A production-quality trade execution system that minimizes slippage on large cryptocurrency orders using reinforcement learning. Trained on 7.5M bars of real Binance market data across 3 assets, evaluated walk-forward on fully out-of-sample 2024 data, and validated against 98M real tick-level trades.

CS5130 - Programming and Data Processing for AI | Spring 2026 | Northeastern University


Results

Strategy Comparison (50 BTC, 500 simulations)

Strategy Cost ($) vs TWAP
Immediate $370.29 -1,734%
TWAP $20.20 baseline
VWAP $15.09 +25.3%
A-C (λ=0.5) $20.20 +0.0%
ML Agent (ours) $11.29 +44.1%

Multi-Asset Out-of-Sample (50 BTC, 2024 H2)

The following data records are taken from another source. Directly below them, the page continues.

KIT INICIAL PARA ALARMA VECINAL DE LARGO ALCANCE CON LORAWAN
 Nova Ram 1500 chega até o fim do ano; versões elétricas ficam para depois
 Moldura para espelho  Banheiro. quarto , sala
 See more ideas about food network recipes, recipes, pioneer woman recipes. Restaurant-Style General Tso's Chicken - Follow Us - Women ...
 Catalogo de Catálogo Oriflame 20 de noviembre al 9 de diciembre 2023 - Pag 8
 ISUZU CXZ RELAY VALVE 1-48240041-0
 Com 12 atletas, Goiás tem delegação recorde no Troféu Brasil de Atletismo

Asset vs TWAP Win Rate vs VWAP
BTCUSDT +10.2 bps 75% -0.6 bps
ETHUSDT +0.6 bps 65% -0.8 bps
SOLUSDT -0.2 bps 12% -0.03 bps
Average +3.5 bps -0.5 bps

At 50 BTC ($2.5M), saving 10.2 bps on BTCUSDT = **$940 per order**. Over 1,000 orders = $940,000 saved.


Problem

When a hedge fund needs to buy 50 BTC, executing it all at once moves the price against them - this is called slippage or market impact. The cost increases nonlinearly with order size: each additional BTC costs more than the last because you're consuming progressively deeper levels of the order book.

The question: How do you slice a large order over 60 minutes to minimize total execution cost?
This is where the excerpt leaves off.